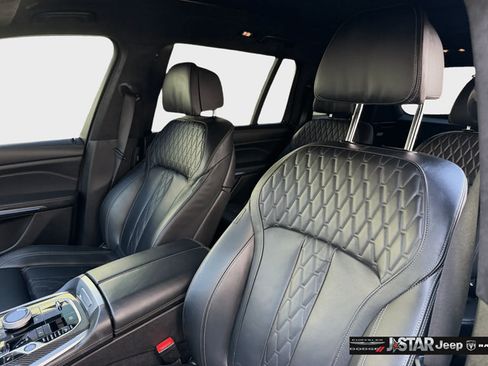 Used 2025 BMW X7 M60i w/ M Sport Professional Package AWD/4WD image 11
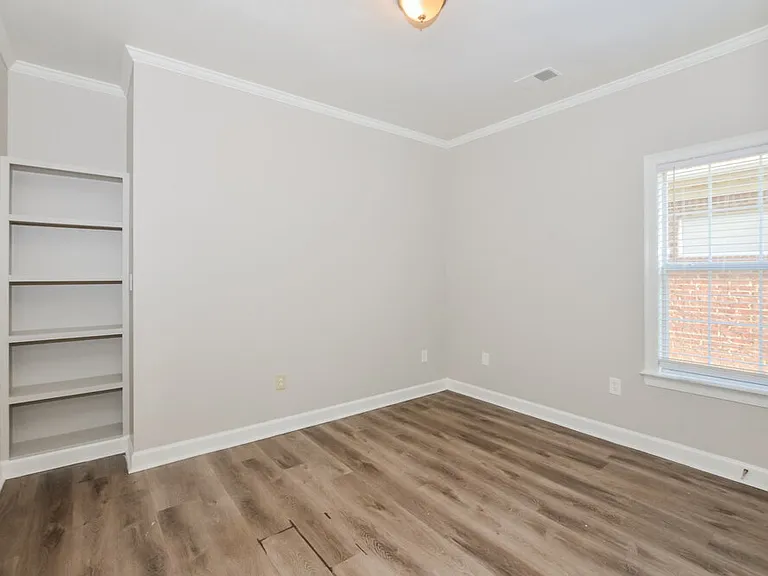 4508 Westminister Cir — Photo 13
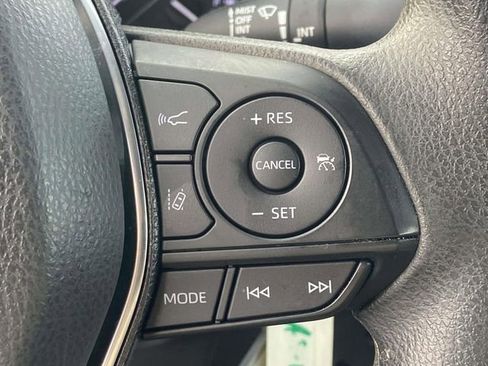 Used 2020 Toyota Camry LE image 17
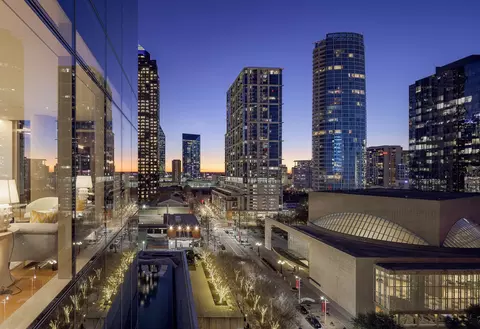 1747 Leonard St #802, Dallas, TX 75201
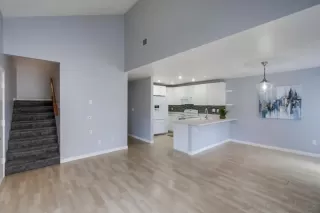 Photo #5: 230014116 Listing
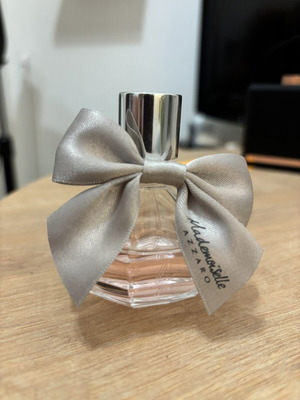 Mademoiselle Azzaro Eau de Parfum like new, elegant fruity floral scent
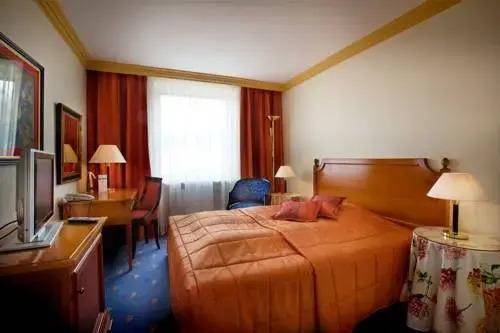 hotel image 8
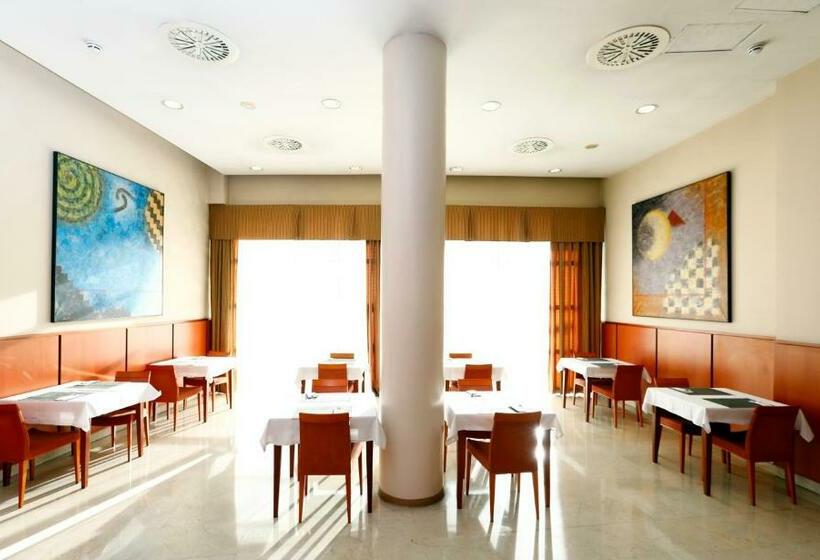 هتل Travelodge Madrid Coslada Airport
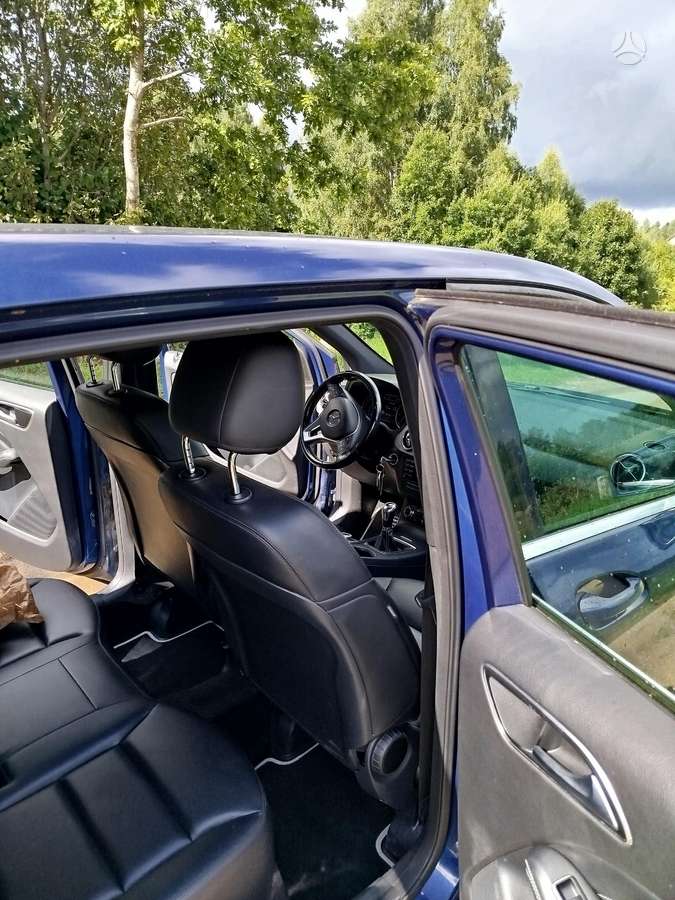 Mercedes-Benz B180 2012 — photo 7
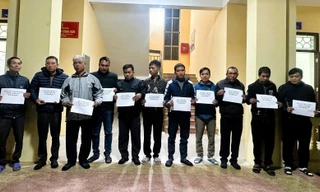 Cảnh sát triệt phá ‘ổ bạc’ trong căn nhà hoang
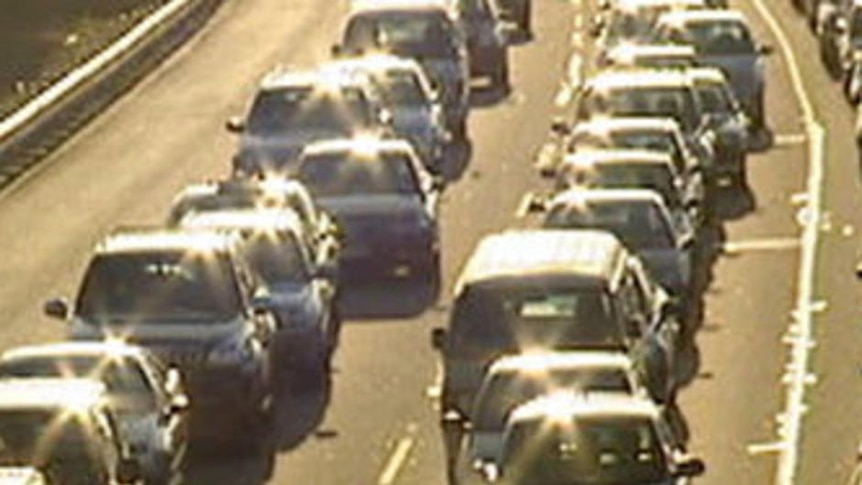 Long daily commute hurting families and economy, says new book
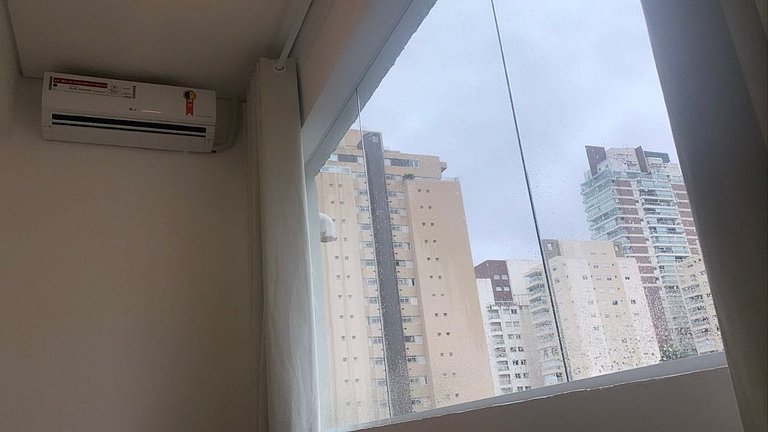 Suíte iluminada e bem localizada - A68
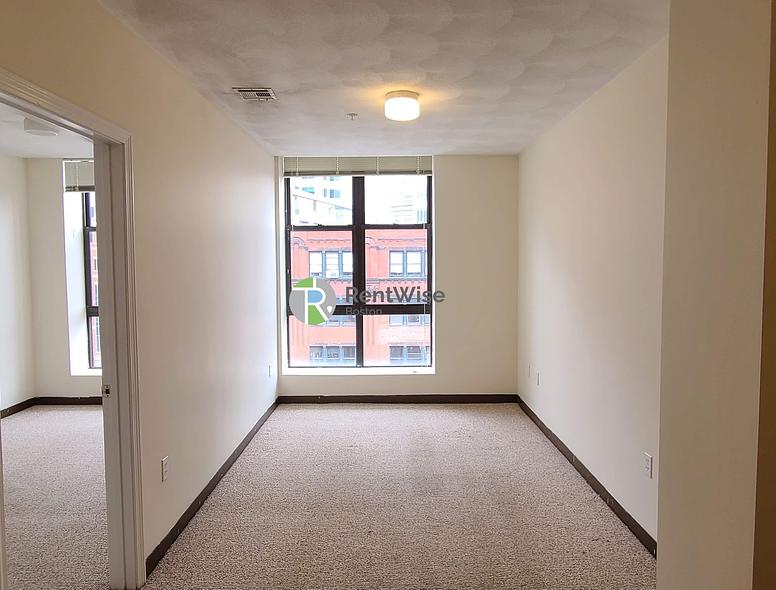 Photo of 81 Essex Street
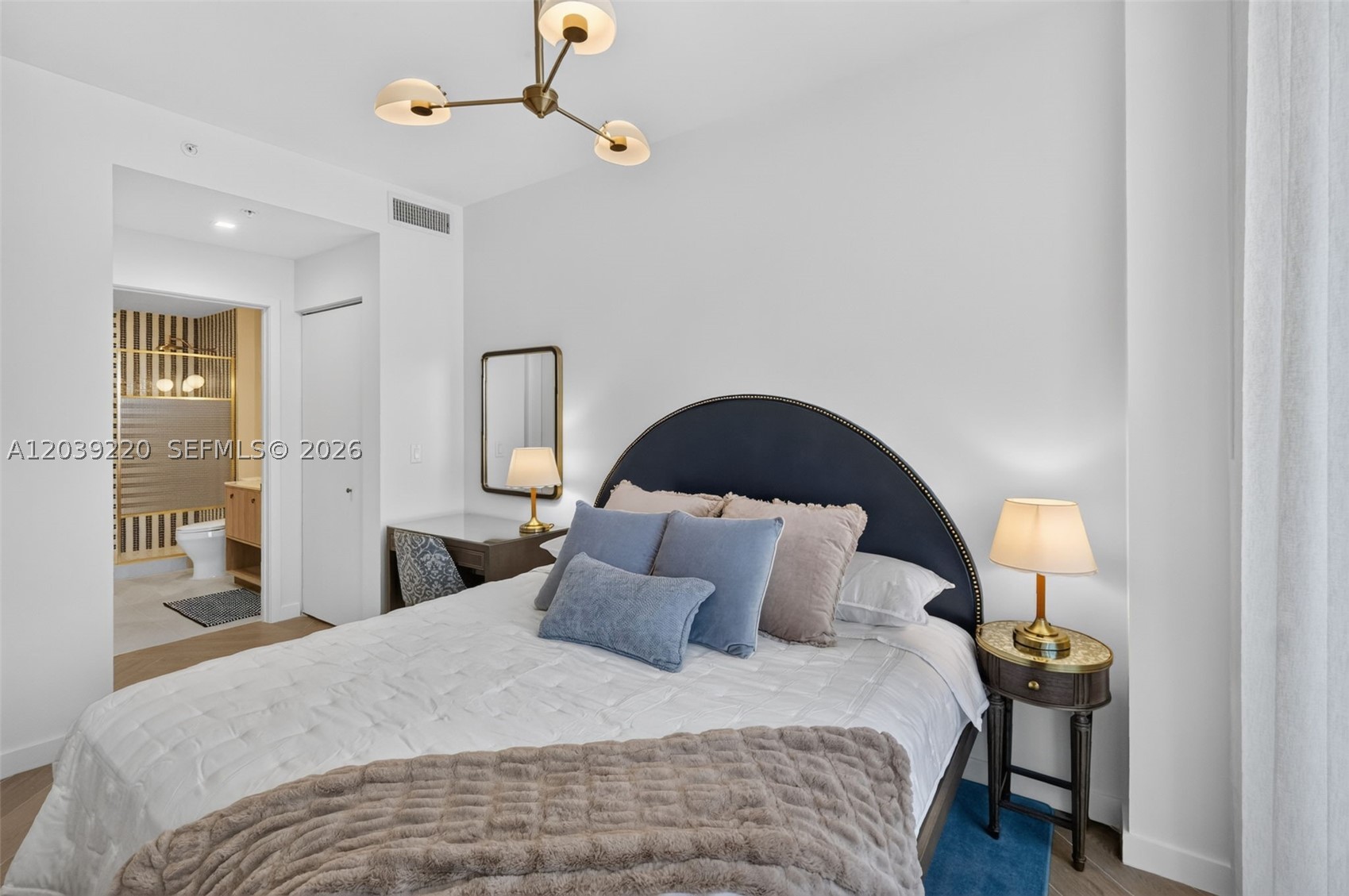 NOMAD WYNWOOD RESIDENCES - Residential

• Task brief
Word-for-word restatement: every line from the one with "4508 Westminister Cir — Photo 13" through the final line of the data, both ends included, pictures excluded.

• Written reply
 4508 Westminister Cir — Photo 13
 Used 2020 Toyota Camry LE image 17
 1747 Leonard St #802, Dallas, TX 75201
 Photo #5: 230014116 Listing
 Mademoiselle Azzaro Eau de Parfum like new, elegant fruity floral scent
 hotel image 8
 هتل Travelodge Madrid Coslada Airport
 Mercedes-Benz B180 2012 — photo 7
 Cảnh sát triệt phá ‘ổ bạc’ trong căn nhà hoang
 Long daily commute hurting families and economy, says new book
 Suíte iluminada e bem localizada - A68
 Photo of 81 Essex Street
 NOMAD WYNWOOD RESIDENCES - Residential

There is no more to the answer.